Consolidators: Classic Collision Adds Third Location in Minnesota
Your jobber can be a huge asset in helping you reduce paint and material costs.
So I don’t sound like a broken record, I’ll keep my comments on the state of the industry to a minimum. However, it’s necessary to consider what’s currently going on in the industry to understand that the jobber and the shop owner are in the same boat.
Shops no longer control their labor and material rates if they choose to do work for insurance companies. Parts prices have been pre-determined for years and are being cut into more deeply every day. Many insurers don’t allow mark-up on sublet, so the only thing left to make good gross profit on is paint and materials. But, with material rates being scrutinized more every day and some insurers imposing material thresholds, even that profit center is being squeezed.
Seek a Better Price
There are three ways, however, to increase your paint and material profit – and your jobber is key no matter which one you choose.

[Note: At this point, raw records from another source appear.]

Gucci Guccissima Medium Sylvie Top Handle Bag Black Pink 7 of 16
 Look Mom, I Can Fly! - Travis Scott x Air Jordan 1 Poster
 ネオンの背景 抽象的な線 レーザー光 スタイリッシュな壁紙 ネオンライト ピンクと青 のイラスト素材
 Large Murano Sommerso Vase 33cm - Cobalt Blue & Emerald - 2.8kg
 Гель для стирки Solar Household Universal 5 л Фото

The most common way is to seek a better price. It has become standard practice for some shop owners to seek a new paint company every three to five years in order to take advantage of the money that’s available for switching brands. With this comes a new contract and purchase requirement that’s nothing more than a prepaid discount, which translates to a better price. The downside for the jobber is the fact that they most likely participate in the contract money, so their profit is greatly reduced until near the end of the agreement. About the time they begin to make a little return on their investment, they lose the business. The downside for the shop owner is the constant disruption in their business caused by changing product, retraining technicians and rewriting standard operating procedures (SOPs).
Since the rate is fixed, how do you gain margin between sales price and cost if you can’t reduce cost? The truth is you can’t – and that’s why the best method for reducing cost is to allow your jobber to sell you less. You might ask yourself, “Why would my jobber want to sell me less?” Well, ask yourself this: Would you be just as successful if you could repair 20 percent fewer cars but made 30 percent more profit on each vehicle? The obvious answer is yes, and this is possible if you become selective about the cars you repair.
It’s the same for a jobber. There are some product lines that a jobber makes a better gross profit on than others. While you may be an expert on repairing vehicles because you’ve repaired hundreds of them and have been formally trained, your jobber has sold product to and received feedback from hundreds of shops and has most likely been trained on the products they sell. Tell your jobber what you need the product to do, then let them select the product based on the best price and what they make the best profit on.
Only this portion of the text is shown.